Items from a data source
· · · ·

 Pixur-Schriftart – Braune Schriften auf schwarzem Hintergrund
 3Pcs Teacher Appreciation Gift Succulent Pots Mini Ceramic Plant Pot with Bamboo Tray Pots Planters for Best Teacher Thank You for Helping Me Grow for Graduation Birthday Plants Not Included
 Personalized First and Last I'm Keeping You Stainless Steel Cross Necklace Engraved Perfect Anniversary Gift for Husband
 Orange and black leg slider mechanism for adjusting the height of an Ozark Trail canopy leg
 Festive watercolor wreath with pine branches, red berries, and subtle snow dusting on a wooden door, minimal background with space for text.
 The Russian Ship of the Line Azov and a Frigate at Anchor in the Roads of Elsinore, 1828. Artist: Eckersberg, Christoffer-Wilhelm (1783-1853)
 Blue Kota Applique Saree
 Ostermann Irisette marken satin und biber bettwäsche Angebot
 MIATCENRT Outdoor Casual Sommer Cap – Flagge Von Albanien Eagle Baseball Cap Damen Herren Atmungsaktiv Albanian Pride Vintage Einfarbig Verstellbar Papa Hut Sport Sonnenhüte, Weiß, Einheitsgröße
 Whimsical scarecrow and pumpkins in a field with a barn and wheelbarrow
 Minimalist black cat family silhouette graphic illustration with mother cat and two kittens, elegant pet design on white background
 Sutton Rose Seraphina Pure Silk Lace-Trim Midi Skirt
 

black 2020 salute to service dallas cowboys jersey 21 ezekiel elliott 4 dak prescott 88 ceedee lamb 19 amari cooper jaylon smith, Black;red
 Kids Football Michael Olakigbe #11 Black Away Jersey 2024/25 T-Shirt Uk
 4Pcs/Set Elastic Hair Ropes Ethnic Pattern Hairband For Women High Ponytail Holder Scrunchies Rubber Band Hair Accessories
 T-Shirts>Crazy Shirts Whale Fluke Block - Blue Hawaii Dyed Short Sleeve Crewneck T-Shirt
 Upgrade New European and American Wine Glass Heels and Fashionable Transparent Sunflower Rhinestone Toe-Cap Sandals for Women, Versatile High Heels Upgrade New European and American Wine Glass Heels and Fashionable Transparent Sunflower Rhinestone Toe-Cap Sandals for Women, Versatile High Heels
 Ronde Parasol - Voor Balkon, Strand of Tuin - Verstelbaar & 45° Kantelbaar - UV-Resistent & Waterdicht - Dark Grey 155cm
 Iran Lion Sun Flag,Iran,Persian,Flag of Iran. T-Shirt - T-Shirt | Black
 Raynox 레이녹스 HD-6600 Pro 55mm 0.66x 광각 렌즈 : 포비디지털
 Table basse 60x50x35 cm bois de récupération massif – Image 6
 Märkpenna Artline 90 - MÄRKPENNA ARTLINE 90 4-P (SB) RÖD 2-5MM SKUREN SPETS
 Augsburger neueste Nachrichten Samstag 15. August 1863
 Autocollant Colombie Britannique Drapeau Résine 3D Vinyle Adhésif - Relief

· · · ·

• _Directions_
In the entries above, the lines between the one holding "Whimsical scarecrow and" and the one holding "black 2020 salute", inclusive, are to be printed exactly as written, and those alone.

• _Response to the task_
 Whimsical scarecrow and pumpkins in a field with a barn and wheelbarrow
 Minimalist black cat family silhouette graphic illustration with mother cat and two kittens, elegant pet design on white background
 Sutton Rose Seraphina Pure Silk Lace-Trim Midi Skirt
 

black 2020 salute to service dallas cowboys jersey 21 ezekiel elliott 4 dak prescott 88 ceedee lamb 19 amari cooper jaylon smith, Black;red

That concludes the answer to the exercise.